ディズニー社とコラボした「LINEマンガ STAR WARS インディーズアワード2017」なるコンテストを過去に開催しており、大賞受賞作家には公式コミカライズの連載権が与えられるなど、意欲的な企画が催されています。
マンガボックス
投稿サービス:「マンガボックスインディーズ」
「マンガボックス」の読者層は10~20代の男性がメインです。そのため、「マンガボックスインディーズ」でも少年誌、青年誌の方向性や、ギャグマンガ、エッセイマンガなどの作品が人気を得やすいとされています。ただ、インディーズでは『ゆめみるゆびさき』(あやぱん)、『僕が君を変える』(美園)などの少女マンガに人気が集まったこともあり、女性読者の割合も少なくありません。
コメントでの作者と読者とのやり取りなど、コミュニティ要素もあるため、毎日更新するなど更新頻度の高い作品や、コメント応答などをしっかり行っている作品が人気を取りやすいようです。
プロデビューの道としては、「マンガボックス編集部杯」というものがあり、こちらはプロフィールと過去の作画見本だけで応募でき、作家のポテンシャルが見込まれれば担当が付くというものです。マンガボックスインディーズで作品を掲載している必要は必ずしもありませんが、こちらに掲載した作品を作画見本として応募することができます。また、マンガボックス編集部もインディーズの投稿作品には目を通しているようで、投稿作品から直接スカウトされたという話も聞くことがあります。
少年ジャンプ+
投稿サービス:「少年ジャンプルーキー」
投稿作品は、「月間ルーキー賞」「少年ジャンプ+連載グランプリ」、ならびに「矢吹健太朗漫画賞」「うすた京介漫画賞」などに応募可能で、いずれもジャンプ本誌や「少年ジャンプ+」での掲載に繋がる可能性があります。
また、各賞以外でも編集部からの直接の声掛けも行われています。ランキングに関係なく、投稿してすぐの作品であってもジャンプ編集部がチェックし、すぐに声掛けをするという事例もあるそうです。
読者層は中高生がメインですが、大人向けの投稿作品が話題になることもあり、幅広く分布しています。ジャンルに関しても特にこれが有利というものはなく、作品自体のオリジナリティや、その作家だけの強い武器が重視されて声掛けされる傾向にあるようです。

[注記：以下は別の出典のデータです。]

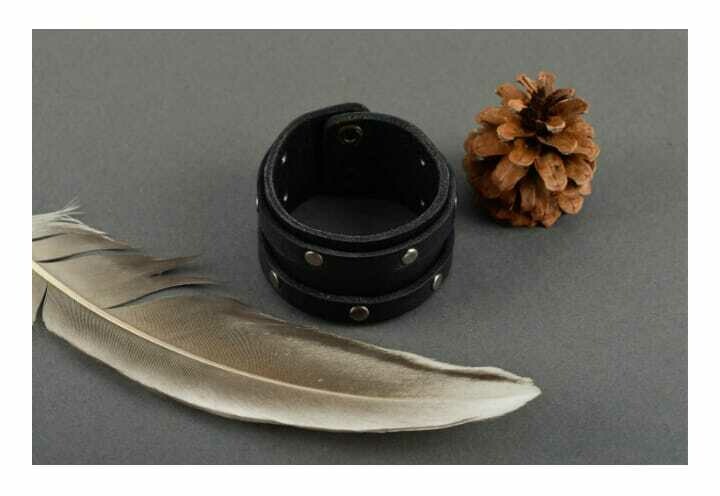 Handmade genuine leather bracelet leather goods bracelet designs unisex jewelry
MH-OP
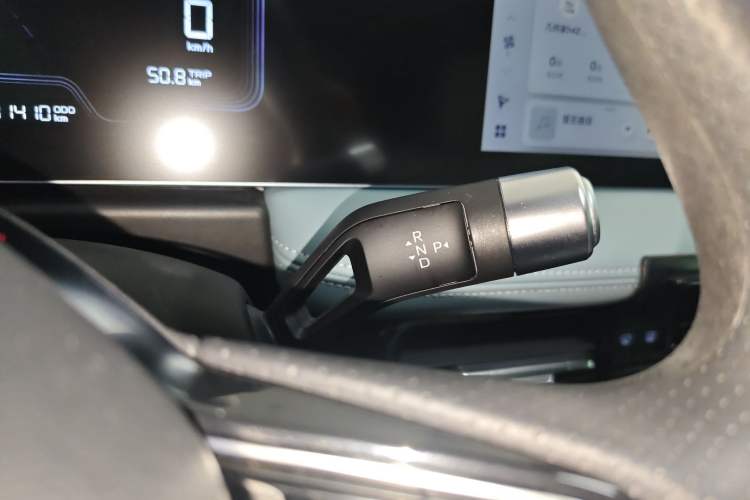 Used Geometry E Firefly 2024 301km Starlight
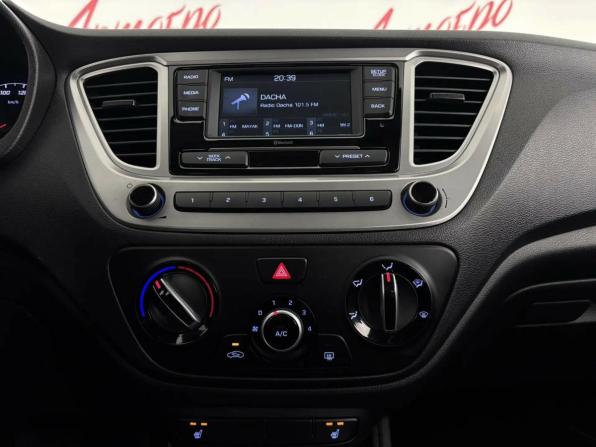 Hyundai Solaris II Рестайлинг с пробегом 2022 года, цена 1 579 000 рублей, 56982 км, седан, Автокод Объявления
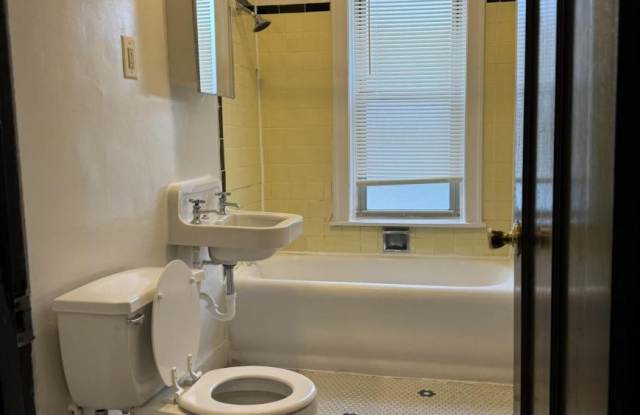 9002 So. Aberdeen St.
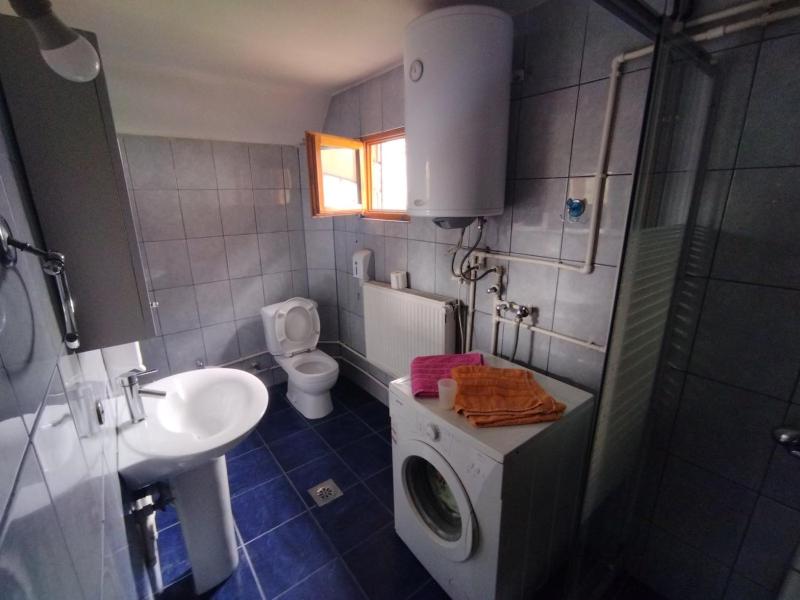 One-Bedroom Apartment image 3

独自の取り組みとしては、「ストーリー」「キャラクター」「演出力」など、その作品の光るところをジャンプ編集部が評価して作品にスタンプを貼り、作家のモチベーションアップに繋げています。
となりのヤングジャンプ
投稿サービス:「あしたのヤングジャンプ」
全ての投稿作品をヤングジャンプ編集部がチェックしており、「となりのヤングジャンプ」にも積極的に掲載していきます。また、となりのヤングジャンプのみならず、ヤングジャンプ本誌や増刊などの紙媒体に掲載される場合もあります。そのスピードも早く、過去に80作家ほどが商業誌デビューを果たしています。

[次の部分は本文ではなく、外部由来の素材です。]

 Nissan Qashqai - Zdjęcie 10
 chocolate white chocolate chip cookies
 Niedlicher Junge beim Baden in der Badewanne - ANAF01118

読者層としては男性がやや多めで、年齢層は幅広く分布しながらも、中でも20代が多いサイトです。ジャンプルーキーよりも表現についてのレギュレーションが緩いので、刺激的な題材を載せることも可能。エログロ作品が読者人気を取りやすい傾向にありますが、「となりのヤングジャンプ」自体はキャラクター性を重視する媒体のためか、キャラクター性の強いものや、魅力的なキャラクターを提示できている作品の方が編集者の目に留まりやすいようです。
また、編集部からのお題に応えて読者がマンガを投稿する「お題部門」があります。過去の実績を見ると、ここから連載に繋がっていった作家もかなりいます。お題からインスピレーションが沸いて、思わぬ作品がつくれたという声もあり、トライしてみる価値アリです。
アルファポリス
投稿サービス:「投稿Web漫画」
「アルファポリス」の公式掲載マンガは、原作ありのコミカライズ作品が多いです。オリジナル作品も少しずつ始まっていますが、基本的には、アルファポリスの投稿サービス「投稿Web漫画」に作品を投稿し、読者人気を得てから連載化するルートとなっています。ですので、アルファポリスでオリジナル作品を始めたい場合は、アルファポリスサイト内の投稿サービスを使うことになります。

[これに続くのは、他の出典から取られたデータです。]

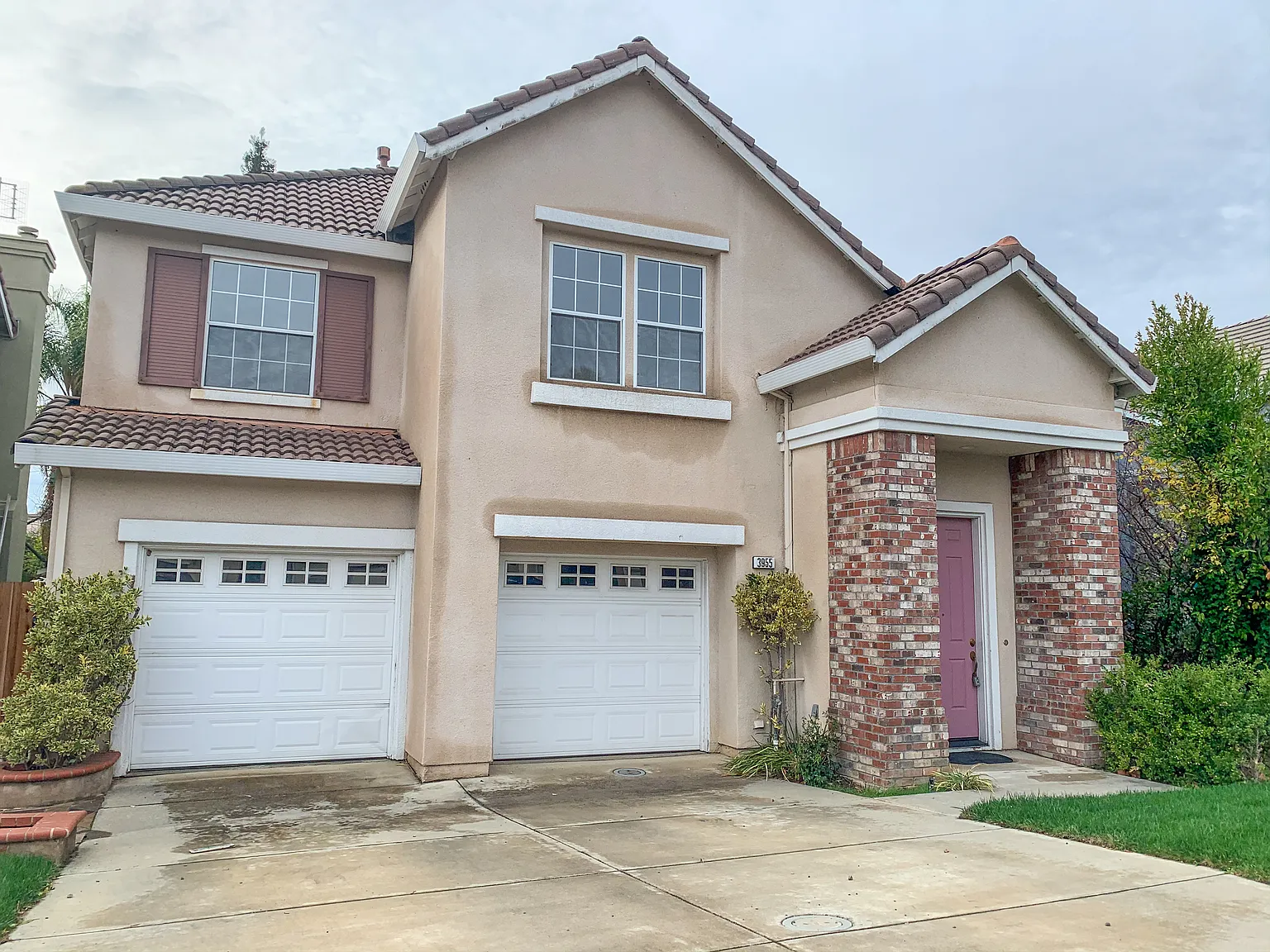 3955 Lake Ridge Ln photo 1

ここにマンガ作品を投稿した場合、読者の閲覧数などによりポイントが付与され、1500点を超えると出版申請をすることができます。申請をすると、編集部の検討の後に出版される可能性があります。また、稼いだポイントを元にスコアが与えられ、そのスコアをAmazonギフト券などに交換することも可能です。
公式掲載作品にファンタジーが多いため、投稿作品にもファンタジー作品が増え、このジャンルは過当競争気味です。また、サイトの読者年齢層が高めなため、少年誌寄りの作品よりは青年誌寄りの作品の方がポイントを取りやすい傾向にあります。女性向けレーベルもあるため、女性向け作品の投稿も狙い目です。
週刊少年マガジン
投稿サービス:「マガジンデビュー」
「週刊少年マガジン」編集部による、先日公開されたばかりの新しいマンガ投稿サイトです。まだ始まったばかりなので、読者層や人気が出る作品傾向などは明らかではありませんが、「作者と編集者の距離が一番近いマンガ投稿サイト」を謳っており、「すべての作品に編集部がコメント」「複数の担当希望がついたら逆指名可能」など、編集部側のかなりの熱量を感じます。
こっそり情報解禁。
一度に6誌100人に持ち込みできる投稿サイトだよ。
明日のコミティアでもビラ配ります。#COMITIA #漫画家志望さんと繋がりたい #漫画好きと繋がりたい
#投稿 #持ち込み pic.twitter.com/gd8I9LrU22— ヤングマガジンのスズキ (@ym_suzuki) 2018年2月10日
また、3月16日からは同じく講談社の青年誌+女性誌系列でも同様の投稿サービスが開始予定です。
まとめ
投稿先を選ぶ時に意識すべきことがあります。それぞれのWebマンガ媒体にはそれぞれの客層(年齢層・好きなジャンル・男性向けor女性向け)が付いているということです。「どこに投稿しても同じ」というわけではありません。それぞれの媒体が持つ客層を意識することで、あなたの作品はより多くの読者を獲得し、より高い評価を得ることができるでしょう。本記事の情報を参考にして、あなたの作品にもっとも合った投稿先を探してみて下さい。